Does the runabout have a aluminum body ? some Fords used aluminum for some body panels,doors,hoods ect. If So there may not be enough magnetic material iron/steel in the car to trip the sensor ?
"My 2 Cents worth maybe less".Good luck
Corey. See if He can increase the sensitivity on the gate opener to help Your car trip it.
Some gates sense the magnetic fields caused by sparking of the distributor and/or alternator/generator. I know there was an apartment complex that had to call in the gate company to adjust the sensor since it wouldn't pick up one residents motorcycle.
I think most traffic signals and gate sensors are magnetic loops. When the steel/metal body or frame distorts the magnetic field, the sensor knows there's a vehicle needing attention.
BUT, I'm NOT an expert on this.
Terry
It's a steel body. I mow a guy's yard with a zero turn Scag mower and have trouble there also. Sometimes it works, sometimes it doesn't. Probably the T and mower weigh about the same. I have a time going around from his shop through the pasture roads because of the narrow tires in the dry deep sand.
My T won’t trigger some traffic lights in town that I assume use a magnetic sensor embedded in the road.
Tim:
In Minnesota, motorcycles or bicycles that do not trip the pavement sensor can proceed on a red light if they have waited a reasonable amount of time for the light to change and there is no approaching cross traffic.
Mine has the same problem with traffic lights. have to get someone else to sit over the line in the road to get the lights to change.
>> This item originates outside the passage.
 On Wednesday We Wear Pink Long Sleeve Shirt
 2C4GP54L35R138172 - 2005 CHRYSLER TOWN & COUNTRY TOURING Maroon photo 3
Erik, I agree with the principle of that here but usually the lights on sensors are to cross the busiest roads. I’ve become impatient enough in other cars before that I’ve set the parking brake and jumped out to hit the pedestrian crossing button to trigger the light to change.
Years ago, I worked on a few of those, and on systems in areas "secured" by such gates. A lot of those loops are not magnetic, they measure capacitance. The capacitance changes when anything metallic (sometimes even organic) gets into its field. I used to get into "secure" areas where I had to service equipment by rolling aluminum soda cans under the gate and across the loop. Finding someone that knows how to properly set the sensitivity on those things is difficult (they can be very tricky, fact is, a soda can should NOT trigger one).
The model T is likely too high, and crossing above the capacitance field.
You might try crossing to one side (room permitting), with one wheel near the middle of the loop. The wheel rim being closer to the ground just might trigger the loop. It just depends upon how the sensitivity is set.
I have the same problem with one of the traffic lights in my neighborhood. -Apparently, there isn't enough ferrous metal in a Model T Ford to trip the magnetic sensor. -The answer, for me, was fairly unsatisfactory; that of re-routing my trip around that particular traffic light.
What about fibreglass cars like a Corvette? I remember a lawsuit some years ago when a car park barrier came down on a fibreglass car when it was halfway through.
Wayne is right, the T's are too high off the road surface. My Jeep Wrangler 4 door weighs 4200 lbs and won't trip lots of things.